**TASK TO COMPLETE:**
Set down each entry exactly as given; pictures should not appear in the copy.

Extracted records
◇ ◇ ◇ ◇ ◇ ◇ ◇
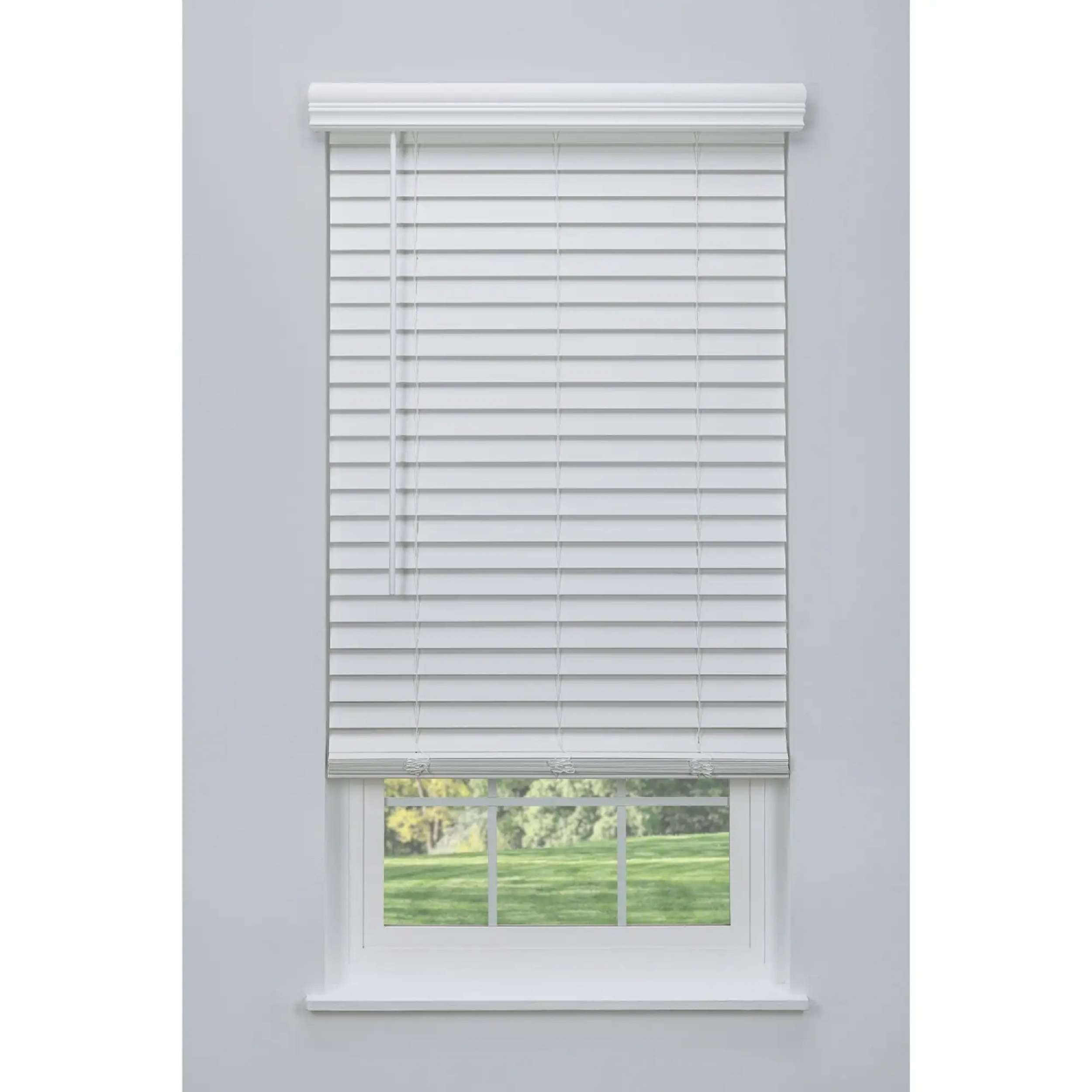 Linen Avenue Cordless 2" Faux Wood Blind White 34 W x 72 H, Partial Inside Mount (Arrives ½ Inch Narrower)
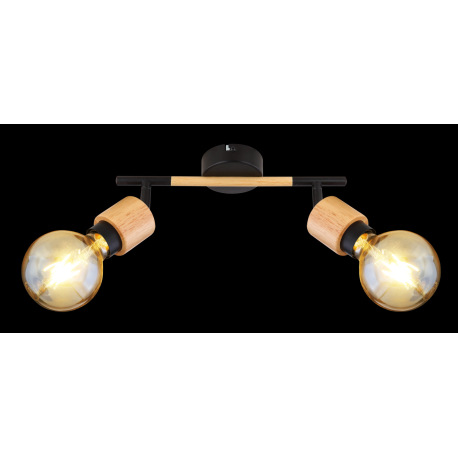 Nástenné svietidlo, kov čierny, svetlé drevo, DxŠxV:300x80x160, bez žiaroviek 2xE27, max. 40W 230V 5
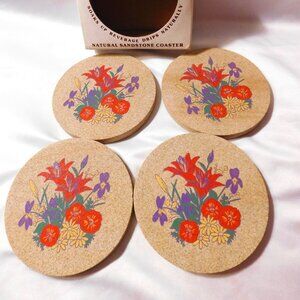 ThirstyStone Sandstone Coaster Set Floral Design Vintage 1988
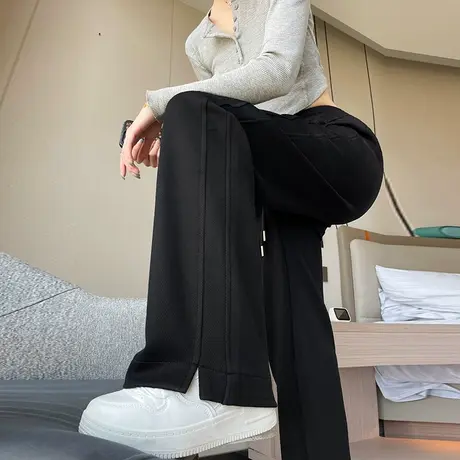 黑色窄版阔腿裤女春秋新款高腰垂感梨形身材显瘦直筒休闲拖地裤子商品大图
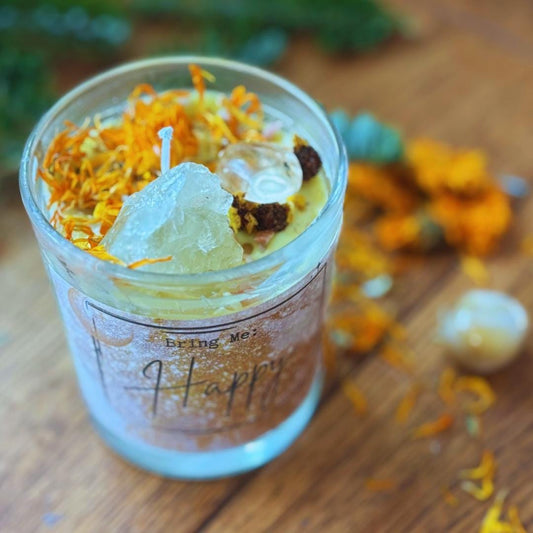 manifestation candle,Olive&Alma Apothecary Candles* Bring me happy Candle Gift Idea  gemstone Candle, container candle, manifestation candle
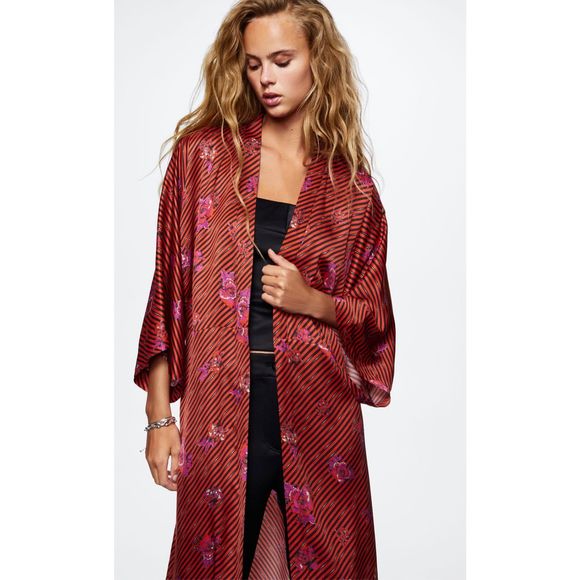 Mango Flower Print Kaftan Size L - Picture 3 of 8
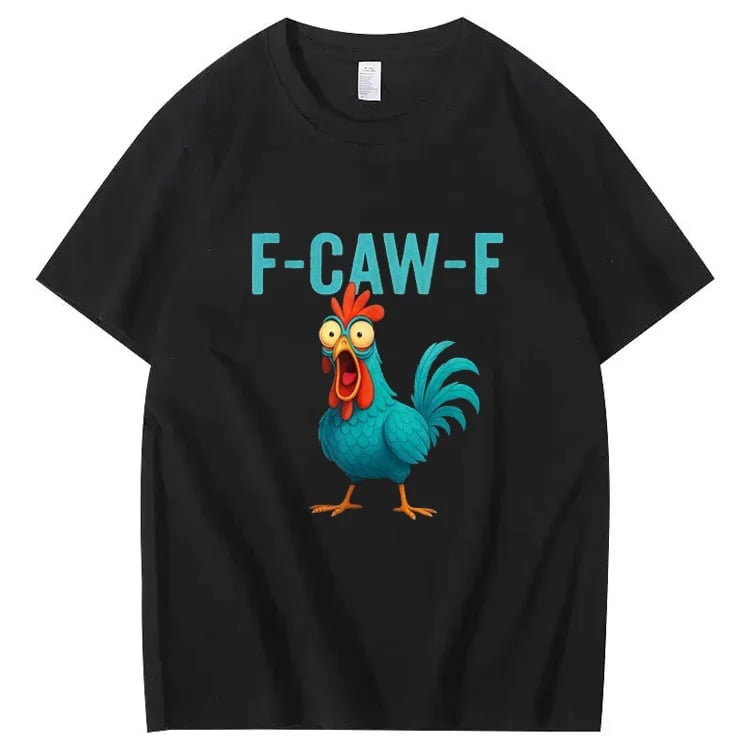 F-Caw-F Crazy Blue Chicken Pattern 100% Cotton T-Shirt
◇ ◇ ◇ ◇ ◇ ◇ ◇
**EXPECTED ANSWER:**
 Linen Avenue Cordless 2" Faux Wood Blind White 34 W x 72 H, Partial Inside Mount (Arrives ½ Inch Narrower)
 Nástenné svietidlo, kov čierny, svetlé drevo, DxŠxV:300x80x160, bez žiaroviek 2xE27, max. 40W 230V 5
 ThirstyStone Sandstone Coaster Set Floral Design Vintage 1988
 黑色窄版阔腿裤女春秋新款高腰垂感梨形身材显瘦直筒休闲拖地裤子商品大图
 manifestation candle,Olive&Alma Apothecary Candles* Bring me happy Candle Gift Idea  gemstone Candle, container candle, manifestation candle
 Mango Flower Print Kaftan Size L - Picture 3 of 8
 F-Caw-F Crazy Blue Chicken Pattern 100% Cotton T-Shirt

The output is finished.